- TRY IT: Stop after the line with "Parnassius apollo"; until then, please copy every line of the records word for word from the first.

- EXCERPTED RECORDS:
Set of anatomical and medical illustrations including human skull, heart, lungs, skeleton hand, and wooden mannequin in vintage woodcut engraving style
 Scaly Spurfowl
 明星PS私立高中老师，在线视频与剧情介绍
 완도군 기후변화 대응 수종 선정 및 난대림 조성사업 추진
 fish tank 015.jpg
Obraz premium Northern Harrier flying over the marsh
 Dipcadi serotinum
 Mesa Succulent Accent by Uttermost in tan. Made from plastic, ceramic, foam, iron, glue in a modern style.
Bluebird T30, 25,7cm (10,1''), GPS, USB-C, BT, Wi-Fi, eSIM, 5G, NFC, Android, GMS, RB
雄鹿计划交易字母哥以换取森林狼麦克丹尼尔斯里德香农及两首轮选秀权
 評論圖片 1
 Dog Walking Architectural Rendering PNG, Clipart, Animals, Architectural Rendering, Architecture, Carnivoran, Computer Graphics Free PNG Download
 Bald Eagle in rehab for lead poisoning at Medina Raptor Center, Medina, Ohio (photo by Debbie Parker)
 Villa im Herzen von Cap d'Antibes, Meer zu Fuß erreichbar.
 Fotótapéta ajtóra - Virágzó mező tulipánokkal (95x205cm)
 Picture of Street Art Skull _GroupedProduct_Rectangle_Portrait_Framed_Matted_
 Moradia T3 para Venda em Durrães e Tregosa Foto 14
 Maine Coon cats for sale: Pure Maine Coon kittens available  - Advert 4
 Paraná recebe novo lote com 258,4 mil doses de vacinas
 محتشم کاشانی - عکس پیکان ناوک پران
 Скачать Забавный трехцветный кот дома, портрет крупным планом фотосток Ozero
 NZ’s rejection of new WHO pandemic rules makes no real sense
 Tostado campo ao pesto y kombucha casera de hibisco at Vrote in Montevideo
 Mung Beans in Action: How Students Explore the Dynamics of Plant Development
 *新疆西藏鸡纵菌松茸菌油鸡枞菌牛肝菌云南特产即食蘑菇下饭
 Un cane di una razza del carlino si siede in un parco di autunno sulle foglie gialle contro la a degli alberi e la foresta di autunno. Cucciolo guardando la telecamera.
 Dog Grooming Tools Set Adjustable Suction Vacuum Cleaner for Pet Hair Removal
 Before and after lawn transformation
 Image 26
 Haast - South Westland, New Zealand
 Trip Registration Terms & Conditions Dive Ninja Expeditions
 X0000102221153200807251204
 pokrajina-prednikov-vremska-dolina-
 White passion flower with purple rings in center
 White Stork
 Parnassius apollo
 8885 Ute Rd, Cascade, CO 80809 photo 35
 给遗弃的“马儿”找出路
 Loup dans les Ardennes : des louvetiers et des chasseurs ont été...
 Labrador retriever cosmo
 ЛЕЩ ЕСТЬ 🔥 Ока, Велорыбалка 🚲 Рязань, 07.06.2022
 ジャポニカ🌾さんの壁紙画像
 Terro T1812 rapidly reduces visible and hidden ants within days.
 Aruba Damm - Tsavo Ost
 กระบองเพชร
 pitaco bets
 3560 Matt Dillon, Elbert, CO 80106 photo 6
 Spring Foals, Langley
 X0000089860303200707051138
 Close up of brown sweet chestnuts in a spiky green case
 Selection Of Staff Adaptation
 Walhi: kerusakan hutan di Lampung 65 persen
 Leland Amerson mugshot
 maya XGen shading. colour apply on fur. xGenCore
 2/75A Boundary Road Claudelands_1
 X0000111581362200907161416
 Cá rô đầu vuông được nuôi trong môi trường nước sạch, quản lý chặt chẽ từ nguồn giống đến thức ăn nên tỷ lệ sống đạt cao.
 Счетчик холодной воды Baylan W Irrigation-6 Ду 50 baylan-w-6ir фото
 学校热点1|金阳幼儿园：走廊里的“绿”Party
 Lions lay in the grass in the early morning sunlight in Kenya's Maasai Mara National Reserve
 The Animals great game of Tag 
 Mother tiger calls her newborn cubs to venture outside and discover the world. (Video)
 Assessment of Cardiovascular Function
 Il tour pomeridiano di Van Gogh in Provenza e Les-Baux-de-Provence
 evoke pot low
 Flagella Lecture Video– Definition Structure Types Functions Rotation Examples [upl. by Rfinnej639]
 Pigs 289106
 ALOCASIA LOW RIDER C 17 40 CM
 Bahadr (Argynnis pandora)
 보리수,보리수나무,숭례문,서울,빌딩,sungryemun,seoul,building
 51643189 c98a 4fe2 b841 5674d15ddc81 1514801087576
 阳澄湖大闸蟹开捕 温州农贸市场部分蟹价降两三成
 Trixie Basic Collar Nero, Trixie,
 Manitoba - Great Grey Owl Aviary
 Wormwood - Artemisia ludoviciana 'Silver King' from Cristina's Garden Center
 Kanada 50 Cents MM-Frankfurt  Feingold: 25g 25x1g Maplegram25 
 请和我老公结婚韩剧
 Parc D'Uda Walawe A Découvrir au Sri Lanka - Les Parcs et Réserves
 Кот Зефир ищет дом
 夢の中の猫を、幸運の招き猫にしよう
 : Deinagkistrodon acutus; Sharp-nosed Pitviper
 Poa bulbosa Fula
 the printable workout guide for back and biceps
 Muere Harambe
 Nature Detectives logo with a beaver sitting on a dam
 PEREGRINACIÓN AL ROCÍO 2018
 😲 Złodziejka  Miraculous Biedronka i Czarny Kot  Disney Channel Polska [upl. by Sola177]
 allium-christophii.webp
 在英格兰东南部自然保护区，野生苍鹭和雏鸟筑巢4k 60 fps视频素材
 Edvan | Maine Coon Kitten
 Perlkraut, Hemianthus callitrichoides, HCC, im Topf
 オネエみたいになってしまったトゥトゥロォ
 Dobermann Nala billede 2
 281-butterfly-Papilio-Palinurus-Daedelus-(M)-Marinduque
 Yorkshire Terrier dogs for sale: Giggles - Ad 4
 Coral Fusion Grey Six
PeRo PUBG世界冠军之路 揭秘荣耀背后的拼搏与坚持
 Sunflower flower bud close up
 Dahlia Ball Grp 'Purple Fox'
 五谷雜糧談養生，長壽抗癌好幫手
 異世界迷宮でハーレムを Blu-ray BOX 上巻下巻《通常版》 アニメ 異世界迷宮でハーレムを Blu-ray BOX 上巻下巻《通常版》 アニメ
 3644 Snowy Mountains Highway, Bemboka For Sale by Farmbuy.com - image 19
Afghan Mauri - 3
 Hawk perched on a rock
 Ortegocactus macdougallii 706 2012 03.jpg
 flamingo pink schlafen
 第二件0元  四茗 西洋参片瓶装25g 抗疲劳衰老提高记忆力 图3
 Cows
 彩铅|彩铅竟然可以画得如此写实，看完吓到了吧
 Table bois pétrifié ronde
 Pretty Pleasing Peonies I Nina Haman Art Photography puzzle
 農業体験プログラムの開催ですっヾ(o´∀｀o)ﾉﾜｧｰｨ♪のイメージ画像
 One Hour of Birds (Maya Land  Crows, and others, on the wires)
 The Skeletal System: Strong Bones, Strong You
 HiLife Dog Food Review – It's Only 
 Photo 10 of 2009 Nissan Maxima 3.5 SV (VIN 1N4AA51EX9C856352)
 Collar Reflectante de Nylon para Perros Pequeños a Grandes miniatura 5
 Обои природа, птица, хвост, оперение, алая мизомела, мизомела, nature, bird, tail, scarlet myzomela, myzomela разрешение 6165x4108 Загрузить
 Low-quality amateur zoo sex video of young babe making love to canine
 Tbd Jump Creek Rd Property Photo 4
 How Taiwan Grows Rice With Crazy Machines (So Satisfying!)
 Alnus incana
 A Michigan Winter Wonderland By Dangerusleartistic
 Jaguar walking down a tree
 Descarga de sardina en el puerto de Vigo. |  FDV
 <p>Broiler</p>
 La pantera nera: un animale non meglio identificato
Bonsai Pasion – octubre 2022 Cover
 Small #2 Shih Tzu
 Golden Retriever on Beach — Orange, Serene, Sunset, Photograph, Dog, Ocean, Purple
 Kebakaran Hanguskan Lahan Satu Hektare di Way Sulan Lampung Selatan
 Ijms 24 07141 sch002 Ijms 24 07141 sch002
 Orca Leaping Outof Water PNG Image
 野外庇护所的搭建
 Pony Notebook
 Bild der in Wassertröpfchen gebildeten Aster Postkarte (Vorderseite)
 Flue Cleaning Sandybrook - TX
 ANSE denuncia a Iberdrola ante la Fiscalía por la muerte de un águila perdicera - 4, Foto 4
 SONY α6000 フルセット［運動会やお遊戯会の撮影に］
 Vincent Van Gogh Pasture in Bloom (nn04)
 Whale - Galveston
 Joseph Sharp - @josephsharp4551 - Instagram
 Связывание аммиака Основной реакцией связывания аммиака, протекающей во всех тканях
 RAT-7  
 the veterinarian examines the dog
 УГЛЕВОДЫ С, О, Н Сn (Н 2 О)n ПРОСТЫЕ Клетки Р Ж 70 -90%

- ANSWER TO THIS TASK:
Set of anatomical and medical illustrations including human skull, heart, lungs, skeleton hand, and wooden mannequin in vintage woodcut engraving style
 Scaly Spurfowl
 明星PS私立高中老师，在线视频与剧情介绍
 완도군 기후변화 대응 수종 선정 및 난대림 조성사업 추진
 fish tank 015.jpg
Obraz premium Northern Harrier flying over the marsh
 Dipcadi serotinum
 Mesa Succulent Accent by Uttermost in tan. Made from plastic, ceramic, foam, iron, glue in a modern style.
Bluebird T30, 25,7cm (10,1''), GPS, USB-C, BT, Wi-Fi, eSIM, 5G, NFC, Android, GMS, RB
雄鹿计划交易字母哥以换取森林狼麦克丹尼尔斯里德香农及两首轮选秀权
 評論圖片 1
 Dog Walking Architectural Rendering PNG, Clipart, Animals, Architectural Rendering, Architecture, Carnivoran, Computer Graphics Free PNG Download
 Bald Eagle in rehab for lead poisoning at Medina Raptor Center, Medina, Ohio (photo by Debbie Parker)
 Villa im Herzen von Cap d'Antibes, Meer zu Fuß erreichbar.
 Fotótapéta ajtóra - Virágzó mező tulipánokkal (95x205cm)
 Picture of Street Art Skull _GroupedProduct_Rectangle_Portrait_Framed_Matted_
 Moradia T3 para Venda em Durrães e Tregosa Foto 14
 Maine Coon cats for sale: Pure Maine Coon kittens available  - Advert 4
 Paraná recebe novo lote com 258,4 mil doses de vacinas
 محتشم کاشانی - عکس پیکان ناوک پران
 Скачать Забавный трехцветный кот дома, портрет крупным планом фотосток Ozero
 NZ’s rejection of new WHO pandemic rules makes no real sense
 Tostado campo ao pesto y kombucha casera de hibisco at Vrote in Montevideo
 Mung Beans in Action: How Students Explore the Dynamics of Plant Development
 *新疆西藏鸡纵菌松茸菌油鸡枞菌牛肝菌云南特产即食蘑菇下饭
 Un cane di una razza del carlino si siede in un parco di autunno sulle foglie gialle contro la a degli alberi e la foresta di autunno. Cucciolo guardando la telecamera.
 Dog Grooming Tools Set Adjustable Suction Vacuum Cleaner for Pet Hair Removal
 Before and after lawn transformation
 Image 26
 Haast - South Westland, New Zealand
 Trip Registration Terms & Conditions Dive Ninja Expeditions
 X0000102221153200807251204
 pokrajina-prednikov-vremska-dolina-
 White passion flower with purple rings in center
 White Stork
 Parnassius apollo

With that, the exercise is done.